Black voters in Alabama sued, with some help from the NAACP. Today the Supreme Court ruled against a lower court that ordered the KKK-controlled state legislature to redraw the map. It was a 5-4 ruling, with 5 of the 6 Republicans voting against the lower court decision-- Chief Justice Roberts sodding with the 3 Democrats. Reporting for Reuters this afternoon, Andrew Chung wrote that the pro-Klan Court majority-- he didn't call them that for some reason-- "granted an emergency request by Alabama’s Republican Secretary of State John Merrill and two Republican legislators [3 KKK thugs] to put on hold the lower court’s injunctions ordering the state’s Republican-led legislature to redraw the map. The court also said it would take up Alabama’s appeal to decide the case on the merits. Five of the six conservative justices were in the majority, with conservative Chief Justice John Roberts joining the court’s three liberal justices in dissent."
The lower court had found that the KKK map "unlawfully deprived Black voters of an additional House district in which they could be a majority or close to it, likely violating the Voting Rights Act, a landmark 1965 federal law that prohibited racial discrimination in voting... In a written opinion, conservative Justice Brett Kavanaugh said the lower court blocked Alabama’s map too close to the 2022 election, contravening Supreme Court precedent. 'Late judicial tinkering with election laws can lead to disruption and to unanticipated and unfair consequences for candidates, political parties and voters, among others,' Kavanaugh wrote. Liberal Justice Elena Kagan called the decision 'badly wrong' and, referring to the Voting Rights Act, said the high court’s action 'forces Black Alabamians to suffer what under that law is clear vote dilution.' Her dissent was joined by fellow liberal Justices Stephen Breyer and Sonia Sotomayor. 'Alabama is not entitled to keep violating Black Alabamians’ voting rights just because the court’s order came down in the first month of an election year,' Kagan added... The three-judge lower court panel, which included two appointed by Republican former President Donald Trump and one by Democratic former President Bill Clinton, unanimously blocked the map, saying that voting in Alabama is 'polarized along racial lines' and that the white majority votes sufficiently as a bloc to defeat Black voters’ preferred candidates."
Kagan wrote that the conservative justices' Jim Crow decision "does a disservice to the District Court, which meticulously applied this Court’s longstanding voting-rights precedent. And most of all, it does a disservice to Black Alabamians who under that precedent have had their electoral power diminished-- in violation of a law this Court once knew to buttress all of American democracy."

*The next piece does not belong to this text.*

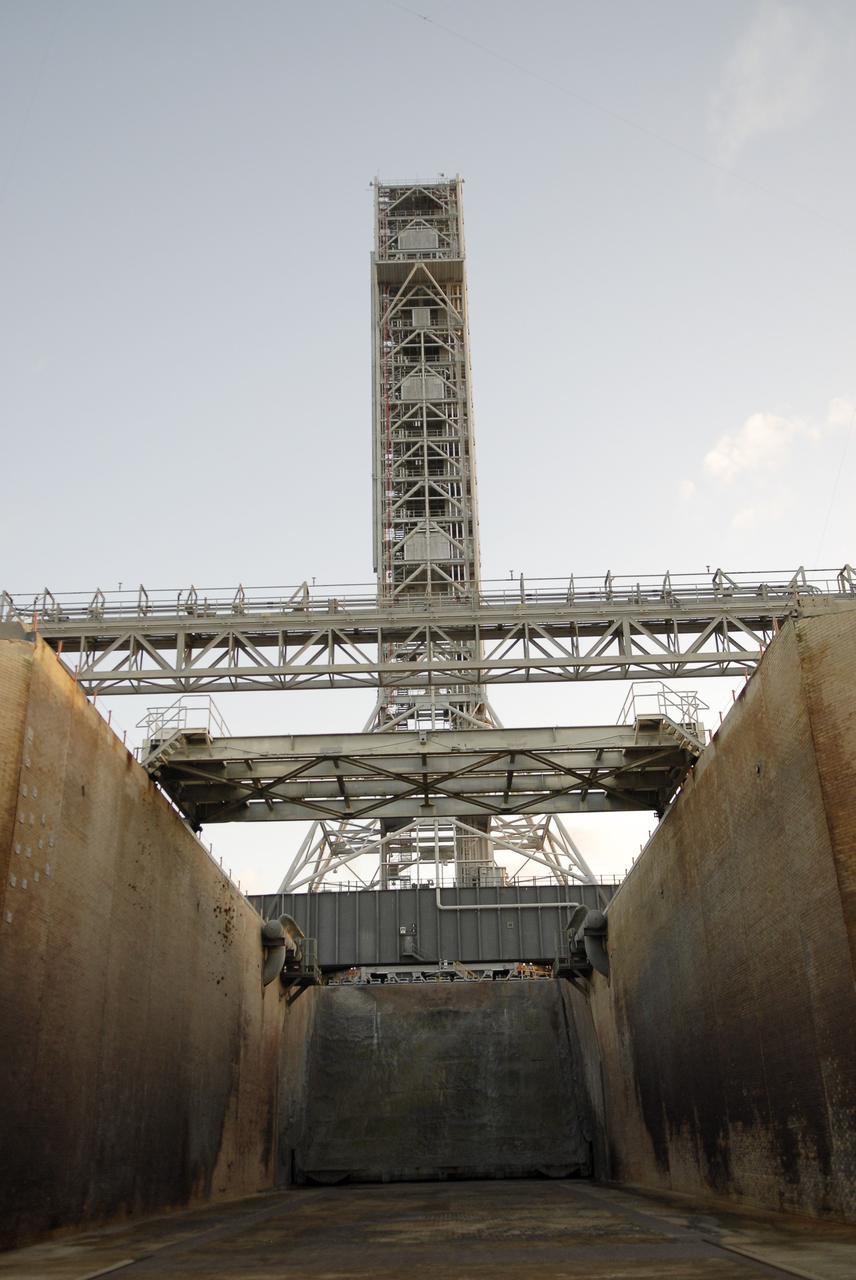 CAPE CANAVERAL, Fla. – At NASA’s Kennedy Space Center in Florida, taken from inside the flame trench, the camera captures a unique view of the mobile launcher (ML) as it nears completion of its 4.2-mile journey to Launch Pad 39B. The launcher rolled out aboard a crawler-transporter from next to Kennedy's Vehicle Assembly Building to the pad at about 9:15 a.m. EST. Data on the ML will be collected from structural and functional engineering tests and used for the next phases of construction overseen by NASA’s 21st Century Ground Systems Program. The 355-foot-tall ML structure, which took about two years to construct, is being modified to support NASA’s Space Launch System (SLS), the heavy-lift rocket that will launch astronauts farther into space than ever before. SLS will also create high-quality jobs here at home, and provide the cornerstone for America's future human space exploration efforts. Photo credit: NASA/Charisse Nahser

Meanwhile, the Ohio Supreme Court, rejected the GOP state legislative gerrymander again. It was the second time Chief Justice Maureen O'Connor, a Republican, voted with the 3 Democratic justices to reject the maps approved by the state legislature and which gave Republicans an unfair advantage. Over the past decades Republicans have won 54% of the voted to the Democrats' 46% and the court would like to maps to be more reflective of that-- as the state Constitution requires... and told the legislature to get it done in less than 2 weeks.